View Full Version : Replacing AC. evaparator coil on a 67


chucky 67
Sep 6th, 08, 12:53 PM
I am looking for some input on my installing my new Evap. coil. The car is still in for paint and I am replacing the blower motor and all the heater and AC components. I had what I thought would be a great idea. What do you think about leaving the Evap coil out and the AC. suit case split until after the motor and headers are installed for ease of installation, than putting the Evap in and bolting the half cover on? or would you recommend bolting it up complete. than install the motor and headers?

stope4
Sep 7th, 08, 07:16 PM
you can do it either way.

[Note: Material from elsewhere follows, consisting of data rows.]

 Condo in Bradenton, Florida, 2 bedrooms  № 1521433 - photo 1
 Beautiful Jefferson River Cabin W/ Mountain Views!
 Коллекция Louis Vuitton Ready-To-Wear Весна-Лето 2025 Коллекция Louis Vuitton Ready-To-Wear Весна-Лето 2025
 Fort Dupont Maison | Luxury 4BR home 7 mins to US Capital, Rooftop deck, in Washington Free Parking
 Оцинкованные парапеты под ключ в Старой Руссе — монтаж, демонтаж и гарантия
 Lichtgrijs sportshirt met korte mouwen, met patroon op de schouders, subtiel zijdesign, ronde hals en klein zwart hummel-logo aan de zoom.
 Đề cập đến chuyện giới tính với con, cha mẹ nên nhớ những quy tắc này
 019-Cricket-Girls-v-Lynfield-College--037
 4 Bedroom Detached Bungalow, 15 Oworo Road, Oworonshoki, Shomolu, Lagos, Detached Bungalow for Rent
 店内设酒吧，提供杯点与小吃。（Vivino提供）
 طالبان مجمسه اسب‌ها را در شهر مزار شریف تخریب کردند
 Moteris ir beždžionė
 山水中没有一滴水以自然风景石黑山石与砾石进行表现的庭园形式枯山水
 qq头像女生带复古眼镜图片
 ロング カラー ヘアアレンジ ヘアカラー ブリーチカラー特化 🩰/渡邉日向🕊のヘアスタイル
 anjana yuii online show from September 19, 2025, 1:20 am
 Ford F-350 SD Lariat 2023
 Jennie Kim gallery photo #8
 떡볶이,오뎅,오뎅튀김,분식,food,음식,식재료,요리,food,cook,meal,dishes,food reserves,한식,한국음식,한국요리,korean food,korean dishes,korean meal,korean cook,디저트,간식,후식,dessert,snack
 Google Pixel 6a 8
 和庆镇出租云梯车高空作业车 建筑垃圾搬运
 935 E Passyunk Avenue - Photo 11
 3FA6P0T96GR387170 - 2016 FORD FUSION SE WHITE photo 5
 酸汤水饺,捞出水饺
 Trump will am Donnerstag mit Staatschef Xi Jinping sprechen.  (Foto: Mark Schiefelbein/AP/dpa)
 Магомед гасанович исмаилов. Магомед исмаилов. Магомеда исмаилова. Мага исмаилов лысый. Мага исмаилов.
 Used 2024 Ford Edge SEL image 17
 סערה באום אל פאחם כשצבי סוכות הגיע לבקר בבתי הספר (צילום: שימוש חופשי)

Just take your time.

Dale8346
Sep 7th, 08, 07:37 PM
CAN be done either way, but definitely better to leave the INNER side out until the motor is in.

Steps to follow:
0) TAKE LOTS OF PICTURES OF EACH ITEM BELOW FROM DIFFERENT ANGLES AND MARK EACH BOLT as you remove it:
1) Remove Inner Fender (and fender if you want. Leave the fender for the body shop)
2) Remove A/C Evaporator BOX (both halves)
3) Remove Heat Box
4a) REMOVE THE PASSENGER KICK PANEL AND GET A NEW ONE. Classic Industries is the only one that makes them.
4b) I would remove everything under the dash here, but if that scares you leave it alone, can be done later. Remove A/C harness if Cowl is being restored, or at least push it through from the motor side to the interior of the car. If you are replacing the under dash harness, you CAN NOT buy one that matches your original. But, it can be made by the wire harness guys.
5a) Have Car Painted (Remove Everything on Cowl so that it can be painted/restored)
5b) Restore Heat Box, A/C box and of course, a new heater core and fan while car is at the body shop.
5c) Have Body Shop call you before they are ready to put on the Passenger Fender.
6) INSTALL PASSENGER KICK PANEL (if you don't do now, you will NOT be able to do later). SEAL IT VERY, VERY WELL. IT WILL LEAK EVEN WITH A CAR WASH IF YOU DON'T.
7) Install Firewall Blanket under dash if it needs replacing. This is actually the hardest part if yours is in AWFUL Shape. You will have to remove the gas pedal, steering column, emergency brake, Master Cylinder and Support. Use the steering column/e-brake slot/gas pedal slot/master cylinder support as your guide on the drivers side. ANY TIME YOU REMOVE THE E-BRAKE, THAT IS THE TIME TO REPLACE THE DRIVERS KICK PANEL AND THE REAR LIGHT HARNESS. Make sure you over seal it also. Again, so that it does not leak.
8) Install the heat box and the outer side of the A/C Box (use 3M strip caulk to seal the a/c outer box. Use light inside to make sure no gaps). I would not install the inner, it just gets in the way of the motor. Do not overtighten, just snug.
9) Now the body shop can finish their body work and install the PASSENGER FENDER.
I have NOT included every step for this process. The rest will be obvious as you are doing it. I did include the ones that will cause you problems if you don't do. Remember, the more naked your car is when you give it to the body shop the easier it is to paint and restore for them. Less expensive for you also.
Special note: If you are replacing your Y pipe, it MUST be replaced before the steering column or the Heat box. You will not be able to get it in once you have done both.

chucky 67
Sep 8th, 08, 05:55 PM
Thanks for the in depth info. I will take it to the bank and follow those steps.